** Opening Data supplied block **
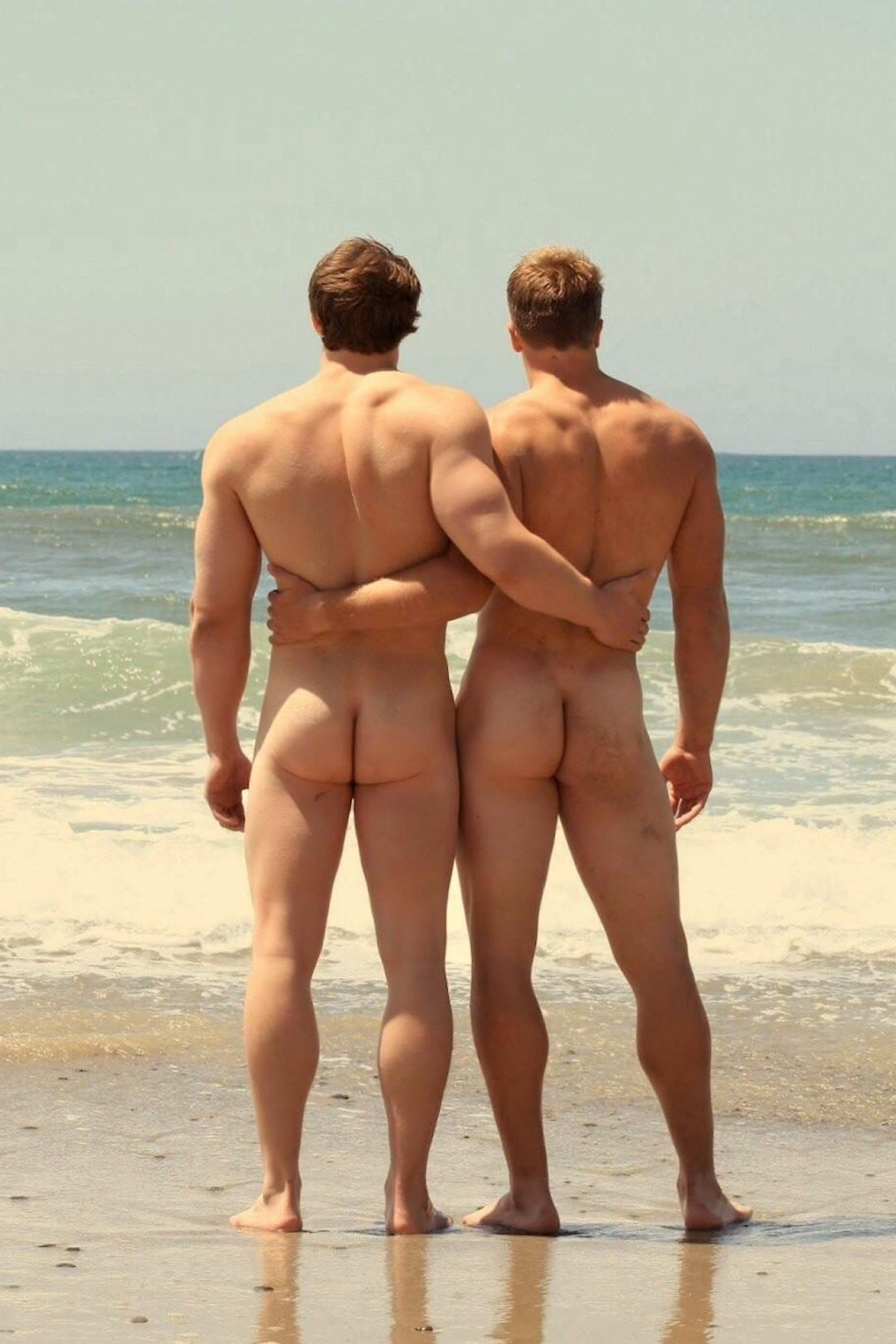 Desnudez masculina en la playa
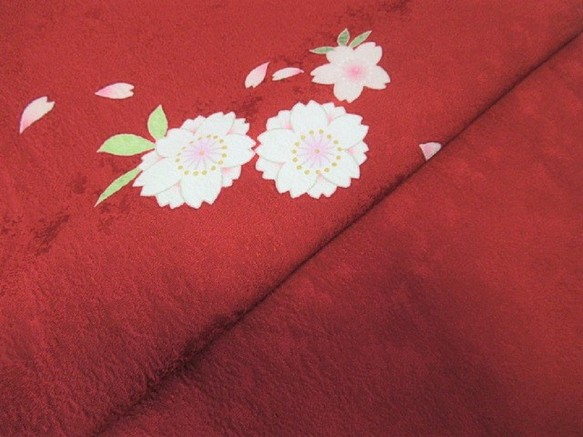 紅色櫻花圖案 純絲家徽設計 Tango chirimen No.124-6 左身肩 [100cm x 38cm] 振袖日本布的拆 第1張的照片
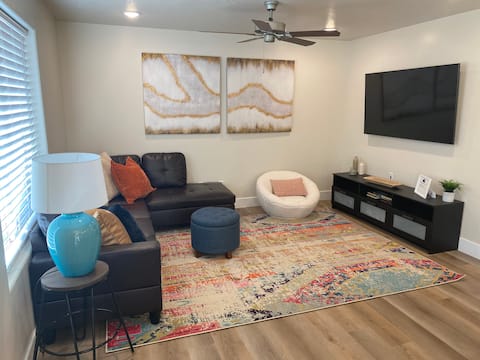 Popular Airbnb listing: Crimson Cliff 15 in Kanab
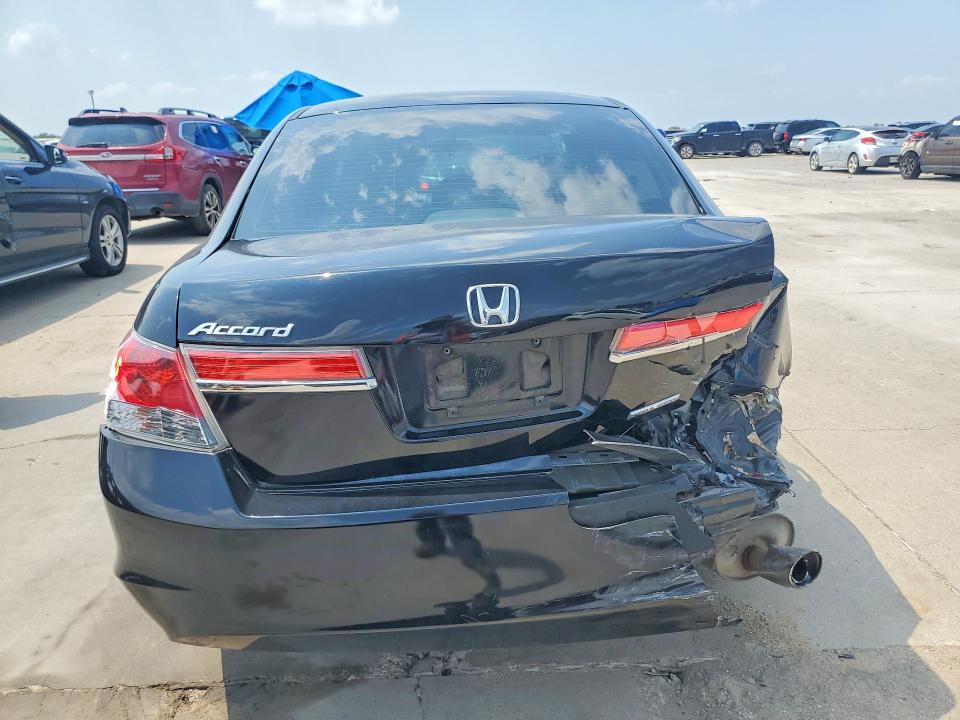 2012 Honda VIN 1HGCP2F64CA166084 COPART salvage auction — REAR END, Tx - Salvage Vehicle Title, sold $1,400 on 2026-07-02 (photo 6)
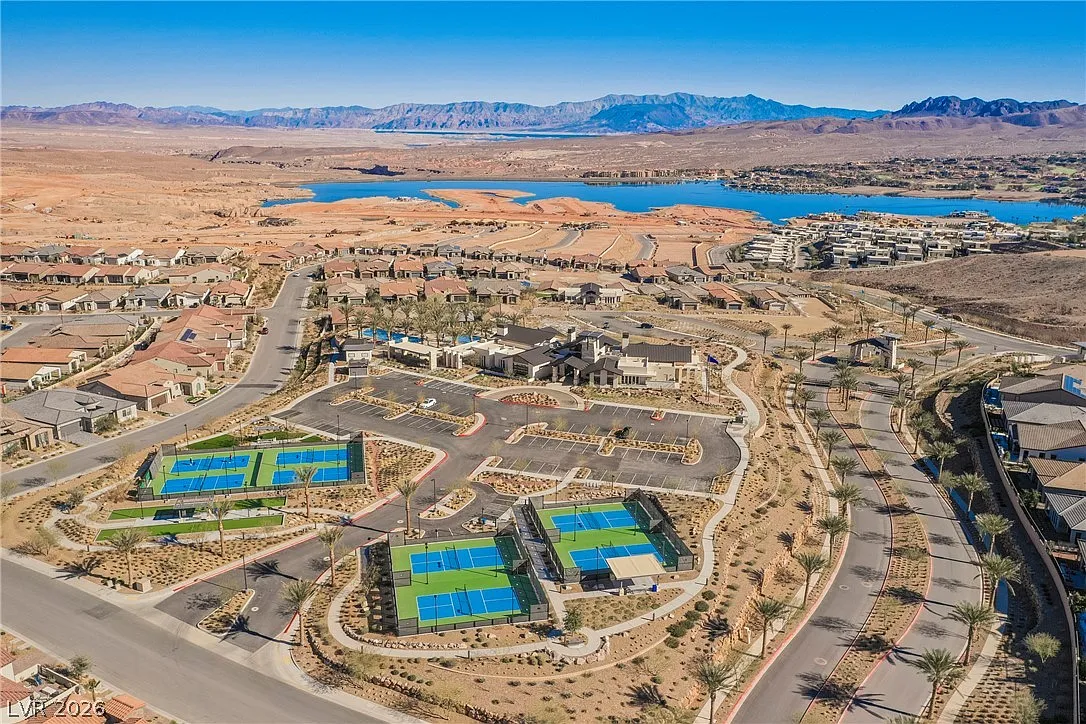 3 bed, 2.0 bath, 2028 sqft, $3,500 — Photo 3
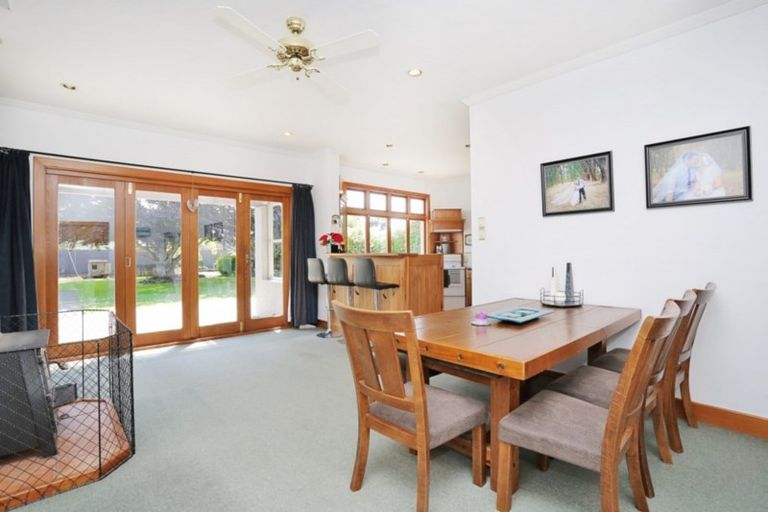 Photo of property in 12 Prince Street, Winton, 9720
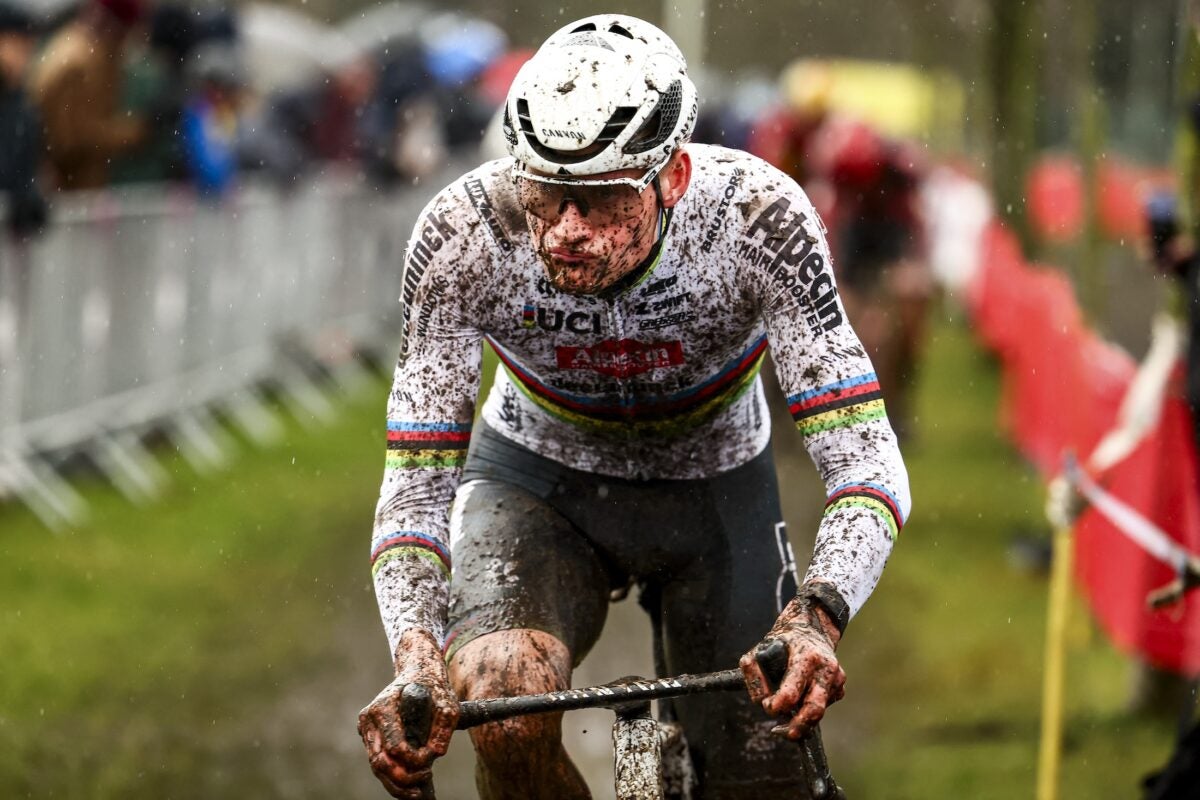 Mathieu van der Poel Imperious Again in UCI World Cup Hulst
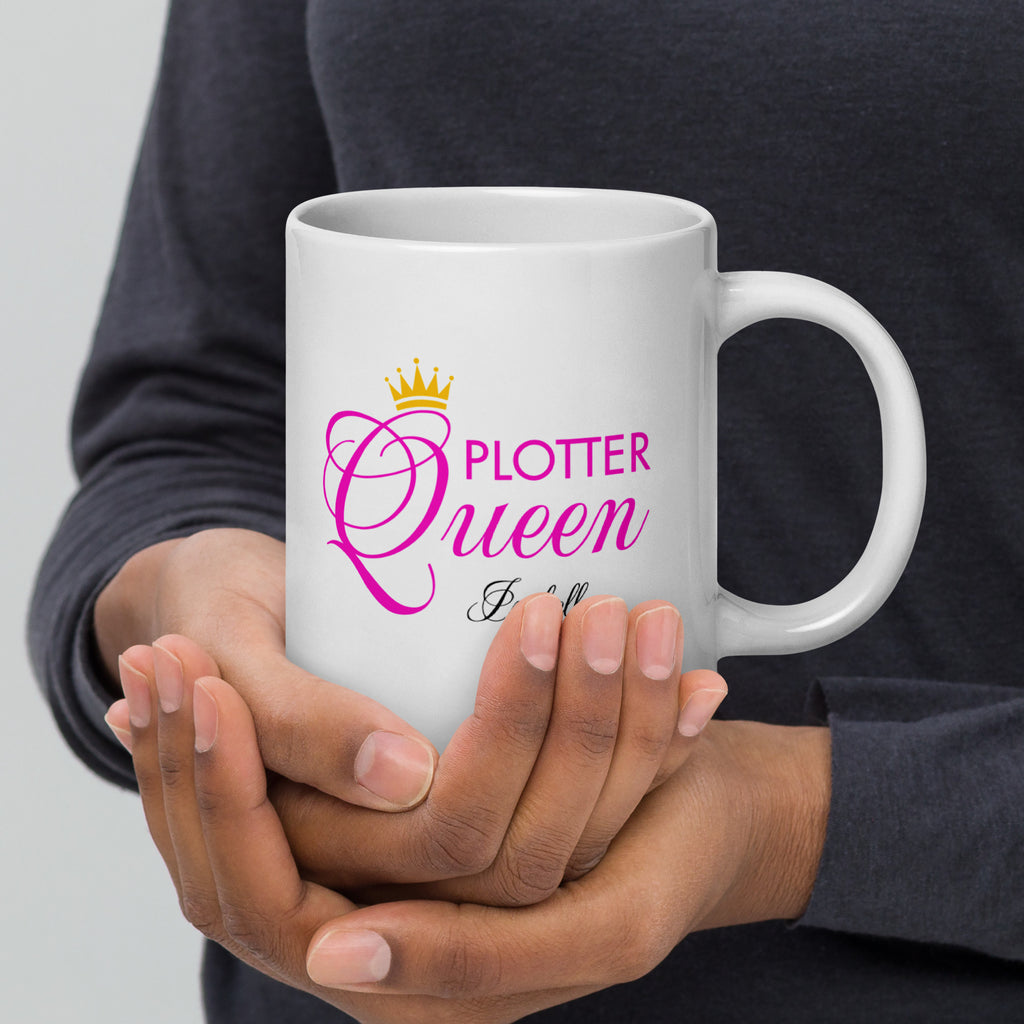 Zwei Hände halten Plotter Queen Tasse mit personalisiertem Namen – Geschenkidee für kreative Bastlerinnen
** Closing Data supplied block **
◆ **Task brief**
The output should consist of the records above, reproduced exactly, without pictures.

◆ **Solution for this task**
 Desnudez masculina en la playa
 紅色櫻花圖案 純絲家徽設計 Tango chirimen No.124-6 左身肩 [100cm x 38cm] 振袖日本布的拆 第1張的照片
 Popular Airbnb listing: Crimson Cliff 15 in Kanab
 2012 Honda VIN 1HGCP2F64CA166084 COPART salvage auction — REAR END, Tx - Salvage Vehicle Title, sold $1,400 on 2026-07-02 (photo 6)
 3 bed, 2.0 bath, 2028 sqft, $3,500 — Photo 3
 Photo of property in 12 Prince Street, Winton, 9720
 Mathieu van der Poel Imperious Again in UCI World Cup Hulst
 Zwei Hände halten Plotter Queen Tasse mit personalisiertem Namen – Geschenkidee für kreative Bastlerinnen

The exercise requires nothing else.